Vous pouvez maintenant, dans le cadre du LEED, obtenir des déclarations environnementales de produits. Différentes industries canadiennes les ont adoptées. C’est le cas des industries du ciment et du bois et de beaucoup d’autres. Il y a maintenant des centaines sinon des milliers de personnes qui comprennent mieux comment assurer plus de transparence au sujet de la composition des matériaux de construction. Le but n’est pas tant de condamner certains produits que de mieux comprendre comment les matériaux sont fabriqués.
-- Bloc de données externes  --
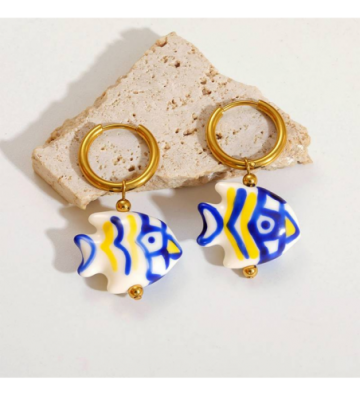 Pendientes acero  Dorado...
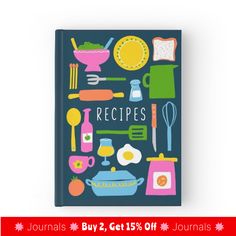 a cookbook with an illustrated image of cooking utensils and other kitchen items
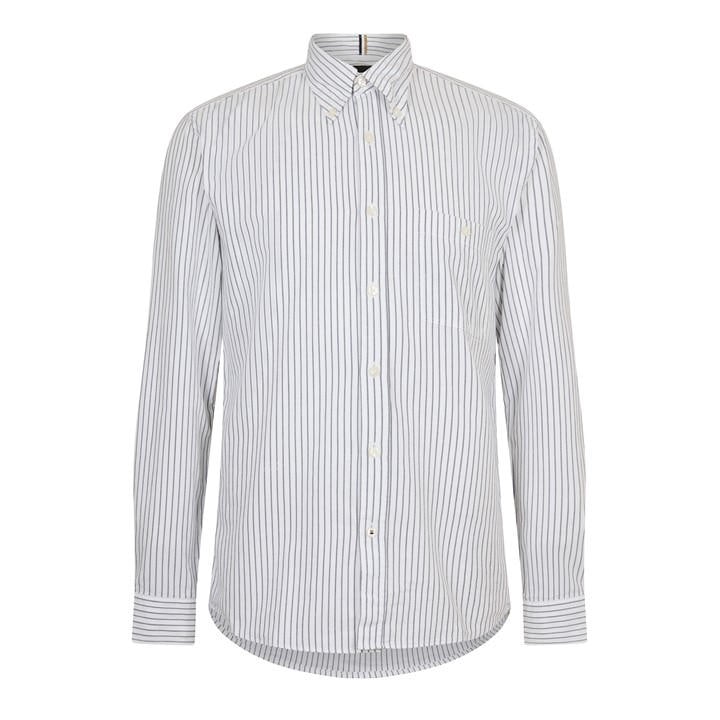 Boss Men's White Roan Long Sleeve Oxford Shirt in Size M, Sports Direct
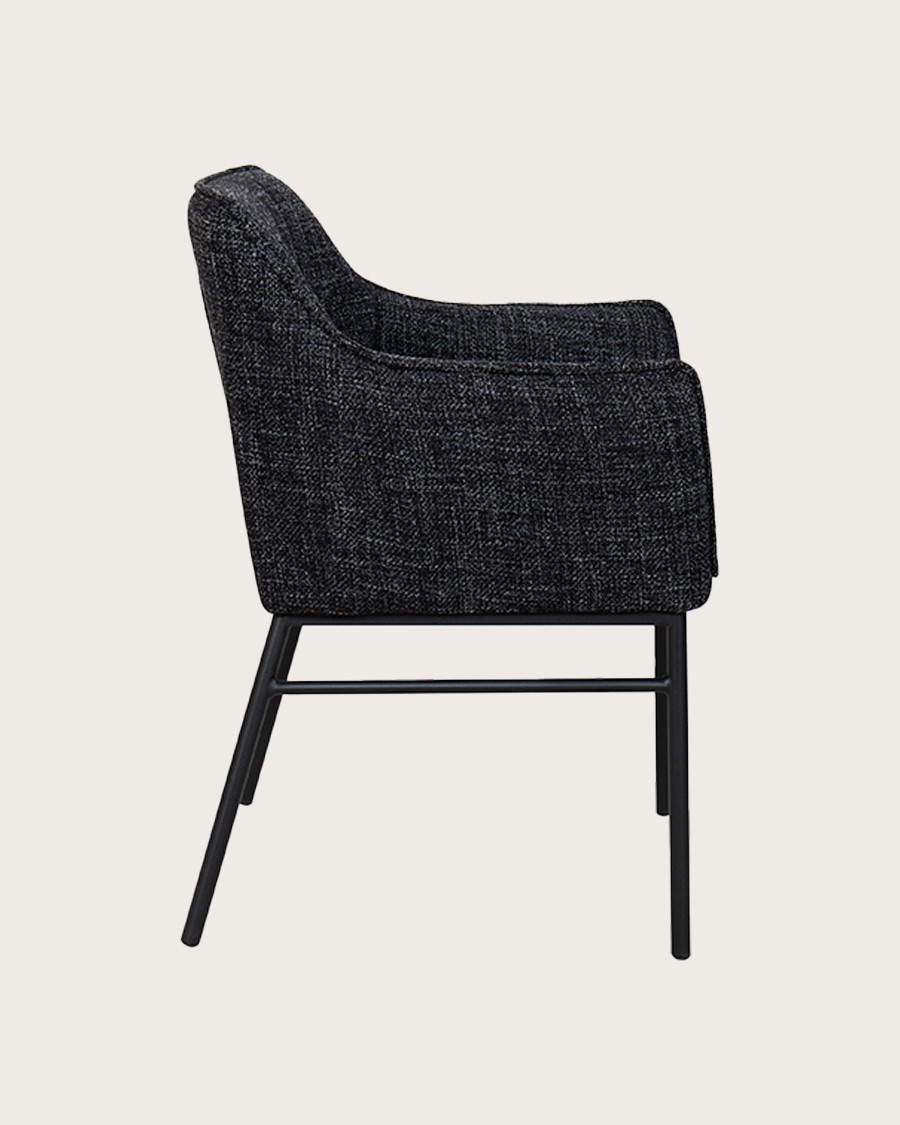 Chacha - Silla de tela negra con patas de metal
L’Europe a adopté ces déclarations depuis au moins 15 ou 20 ans. Elle a donc accumulé beaucoup de connaissances qui lui permettent de faire de meilleurs choix de produits et, lorsque ceux-ci sont utilisés dans des bâtiments ou des locaux, de savoir comment construire pour réduire l’empreinte environnementale tant des opérations que des matériaux. Cela donne aussi la possibilité de réduire l’impact environnemental aux stades de l’extraction, de la fabrication, et cetera.

Au Canada et en Amérique du Nord, nous n’en sommes encore qu’aux toutes premières étapes tandis que l’Europe est déjà très avancée.

Le sénateur Wetston : Mon expérience concerne essentiellement la qualité de l’air intérieur et les matériaux toxiques tels que le formaldéhyde, les panneaux de fibres MDF, et cetera.

M. Mueller : J’ai justement présenté un exposé à Harvard il y a deux semaines. L’université dispose d’une foule de recherches sur les bâtiments. Ses conclusions sont assez choquantes : les chercheurs ont mesuré l’incidence des matériaux de construction sur la qualité de l’air intérieur et ont constaté que cet air est aussi pollué sinon plus pollué que l’air extérieur.

Le sénateur Wetston : C’est une étude de Harvard?

M. Mueller : Oui. Le nom du chercheur est Joe Allen. Si vous me laissez votre carte, je peux, si vous le souhaitez, vous envoyer des renseignements.

Cela est vraiment alarmant. Nous avons cherché, dans le cadre du programme LEED, à réduire les incidences sur la qualité de l’air et de l’environnement à l’intérieur. C’est là que nous passons 90 p. 100 de notre temps. La qualité de l’air intérieur est donc très importante. C’est tout ce que je vais dire à ce sujet.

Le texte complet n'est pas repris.